In this work, a positively-charged nanofiltration membrane was developed via interfacial polymerization by using chitosan lactate and trimesoyl chloride (TMC) as the aqueous phase solute and the organic phase solute, respectively. Fig. 1(b) shows the molecular structure of TMC. The interfacial polymerization occurred between the residual amine (–NH2) and the acyl chloride groups (–COCl) on the top of polyether sulfone (PES) hollow fiber ultrafiltration (UF) membrane (Scheme 1). The chemical structure and morphology were characterized with attenuated total reflectance-infrared spectrossch1copy (ATR-IR) and scanning electron microscopy (SEM). The rejection reached maximum 95.1% for 2000 ppm MgCl2 solution as the IP time was 120 s. CL/PES composite hollow fiber NF membranes showed good retentions of heavy metal ions, and the rejection of the nanofiltration membrane for inorganic salts followed in an order of: ZnCl2 > MgCl2 > MgSO4 > NaCl > Na2SO4, showing the typical rejection characteristic of positively charged NF membrane to different inorganic salts. This work will provide the base for the scale-up and the industrialization of CL composite NF membranes.
Scheme 1
Interfacial polymerization between CL and TMC.
Materials and methods
Materials
Polyether sulfone (PES) hollow fiber ultrafiltration (UF) membranes with MWCO of 50 kDa were self-made in lab. The pure water permeate flux at 0.1 MPa of PES hollow fiber UF membrane is 53 L m−2 h−1. Chitosan lactate (CL, Mw ∼ 30 kDa) with the solubility of 65 g L−1 was purchased from Wuhan Yuancheng Gongchuang Technology Co. Ltd (Wuhan, China). PEG with different Mw in the range of 200 to 1000 Da and trimesoyl chloride (TMC, 98%) was obtained from Shanghai Macklin Biochemical Co. Ltd (Shanghai, China). Inorganic salts, including magnesium chloride (MgCl2, AR), sodium sulfate (Na2SO4, AR), magnesium sulfate (MgSO4, AR), sodium chloride (NaCl, AR), were obtained from Sinopharm Chemical Reagent Co. Ltd (Shanghai, China). All reagents are of analytical grade and there was no further purification.

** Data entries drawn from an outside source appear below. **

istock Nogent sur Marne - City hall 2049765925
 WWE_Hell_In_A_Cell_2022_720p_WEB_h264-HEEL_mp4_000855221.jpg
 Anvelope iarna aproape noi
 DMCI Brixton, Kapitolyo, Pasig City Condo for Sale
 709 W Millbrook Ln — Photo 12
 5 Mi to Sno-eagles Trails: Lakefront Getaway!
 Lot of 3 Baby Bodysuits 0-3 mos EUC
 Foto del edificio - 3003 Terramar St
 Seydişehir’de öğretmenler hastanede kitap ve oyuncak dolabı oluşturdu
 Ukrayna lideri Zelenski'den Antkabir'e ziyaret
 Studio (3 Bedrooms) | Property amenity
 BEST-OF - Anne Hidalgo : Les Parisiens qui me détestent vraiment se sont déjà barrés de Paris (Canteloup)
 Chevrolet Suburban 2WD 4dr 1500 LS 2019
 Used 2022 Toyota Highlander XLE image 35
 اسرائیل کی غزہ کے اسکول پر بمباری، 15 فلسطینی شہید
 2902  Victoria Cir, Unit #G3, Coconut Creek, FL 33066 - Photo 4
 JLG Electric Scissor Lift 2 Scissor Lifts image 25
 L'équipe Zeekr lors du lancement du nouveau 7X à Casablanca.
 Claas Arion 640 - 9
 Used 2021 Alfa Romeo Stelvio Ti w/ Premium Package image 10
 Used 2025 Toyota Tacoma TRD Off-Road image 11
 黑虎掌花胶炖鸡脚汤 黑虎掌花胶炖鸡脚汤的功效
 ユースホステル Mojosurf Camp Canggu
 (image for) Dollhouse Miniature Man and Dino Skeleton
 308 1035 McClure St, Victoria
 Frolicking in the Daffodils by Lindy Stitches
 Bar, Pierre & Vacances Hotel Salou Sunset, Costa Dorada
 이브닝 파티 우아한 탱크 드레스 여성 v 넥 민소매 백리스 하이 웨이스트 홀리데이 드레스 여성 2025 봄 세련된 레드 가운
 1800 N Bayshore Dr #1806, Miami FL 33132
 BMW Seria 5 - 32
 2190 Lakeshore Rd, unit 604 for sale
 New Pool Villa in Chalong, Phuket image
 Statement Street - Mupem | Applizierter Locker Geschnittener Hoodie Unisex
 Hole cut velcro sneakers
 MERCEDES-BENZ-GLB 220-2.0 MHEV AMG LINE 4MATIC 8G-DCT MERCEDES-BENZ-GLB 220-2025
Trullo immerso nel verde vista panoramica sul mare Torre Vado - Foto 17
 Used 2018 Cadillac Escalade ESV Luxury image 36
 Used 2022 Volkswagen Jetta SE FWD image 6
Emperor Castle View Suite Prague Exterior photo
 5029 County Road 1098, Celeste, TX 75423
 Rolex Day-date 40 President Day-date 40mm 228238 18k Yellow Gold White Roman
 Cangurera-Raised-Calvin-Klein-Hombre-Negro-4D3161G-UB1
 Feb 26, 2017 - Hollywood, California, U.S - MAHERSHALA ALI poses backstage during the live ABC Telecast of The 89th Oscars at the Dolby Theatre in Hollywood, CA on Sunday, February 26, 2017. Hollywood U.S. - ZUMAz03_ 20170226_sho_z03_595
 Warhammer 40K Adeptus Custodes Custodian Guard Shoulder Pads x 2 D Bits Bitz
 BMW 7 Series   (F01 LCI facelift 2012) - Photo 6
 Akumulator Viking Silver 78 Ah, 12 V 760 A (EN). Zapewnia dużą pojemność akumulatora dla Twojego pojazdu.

Fabrication of PES hollow fiber membrane
The PES hollow fiber membranes were prepared by phase-inversion method. The casting solution contains 16 wt% PES, 10 wt% PVP, 10 wt% PEG400 and 74 wt% DMAc. The casting solution was degassed for 6 h in the pump prior to spinning. Subsequently, the casting solution was pumped into a spinneret with the outer diameter of 1.2 mm. After that, the nascent fibers were formed in a coagulation tank after passing through a certain air gap, and then the fibers were collected by a take-up unit. As shown in Fig. S1,† the structure morphology of the hollow fiber membrane was measured by SEM. The parameters of PES hollow fiber membrane were showed in Table S1.†
Preparation of composite hollow fiber CL/PES NF membranes
After being pre-soaked for 24 h in deionized (DI) water for removing contaminants, the two ends of the hollow fiber membrane were sealed with a sealant to prevent the monomer solution from entering the lumen side of the hollow fiber. The PES UF membranes were immersed in the CL aqueous solution for 5 min and then poured out, and the excess CL aqueous solution was removed at ambient temperature in air by blowing. Next, these membranes were immersed in TMC in n-hexane for 120 s and then poured out. After removing the excess TMC solution by blowing, the membranes were cured for 20 min in an oven at 90 °C. Finally, the resultant composite hollow fiber CL/PES NF membranes were washed extensively, and sealed in a PMMA pipe to obtain the hollow-fiber membrane modules.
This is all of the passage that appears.